25 To the extent that the Fund and the Subsidiary
invest in cash and Short-Term Fixed Income
Securities that are cash equivalents (i.e., that have
maturities of less than 3 months) as specified in
Commentary .01(c) to NYSE Arca Rule 8.600–E,
such investments will comply with Commentary
.01(c) and may be held without limitation. Nonconvertible corporate debt securities and Non-U.S.
Sovereign Debt are not included as cash equivalents
in Commentary .01(c).
26 Commentary .01(b) to NYSE Arca Rule 8.600–
E defines fixed income securities as debt securities
that are notes, bonds, debentures or evidence of
indebtedness that include, but are not limited to,
U.S. Department of Treasury securities (‘‘Treasury
Securities’’), government-sponsored entity
securities (‘‘GSEs’’), municipal securities, trust
preferred securities, supranational debt and debt of
a foreign country or a subdivision thereof,
investment grade and high yield corporate debt,
bank loans, mortgage and asset backed securities,
and commercial paper.
27 Among the Fixed Income Securities in which
the Fund may invest are commodity-linked notes.
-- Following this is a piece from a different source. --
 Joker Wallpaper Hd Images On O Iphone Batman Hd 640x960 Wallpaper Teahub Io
28 ETNs are securities as described in NYSE Arca
Rule 5.2–E(j)(6) (Equity Index-Linked Securities,
Commodity-Linked Securities, Currency-Linked
Securities, Fixed Income Index-Linked Securities,
Futures-Linked Securities and Multifactor IndexLinked Securities). All ETNs will be listed and
traded in the U.S. on a national securities exchange.
The Fund will not invest in inverse or leveraged
(e.g., 2X, -2X, 3X or -3X) ETNs.
29 For purposes of the filing, the term ‘‘ETFs’’
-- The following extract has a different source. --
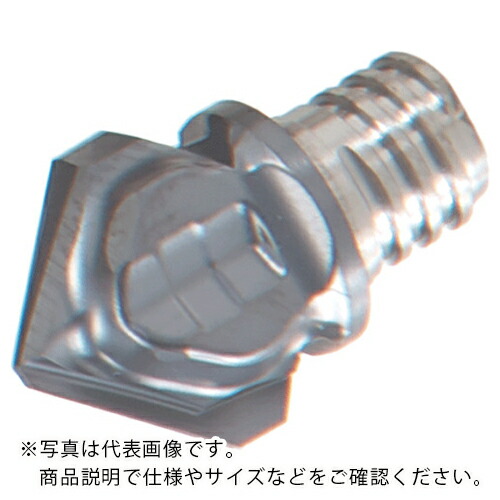 タンガロイ タング・マイスター用ヘッド 2枚刃 裏表面取り加工用 VCW AH715 ( VCW118L05.0A45-02S06 AH715 ) 【2個セット】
includes Investment Company Units (as described
in NYSE Arca Rule 5.2–E(j)(3)); Portfolio Depositary
Receipts (as described in NYSE Arca Rule 8.100–
E); and Managed Fund Shares (as described in
NYSE Arca Rule 8.600–E). All ETFs will be listed
and traded in the U.S. on a national securities
exchange. The Fund will not invest in inverse or
leveraged (e.g., 2X, -2X, 3X or -3X) ETFs.
30 The Exchange represents that all statements
related to the Fund’s investments and restrictions
are applicable to the Fund and Subsidiary
collectively.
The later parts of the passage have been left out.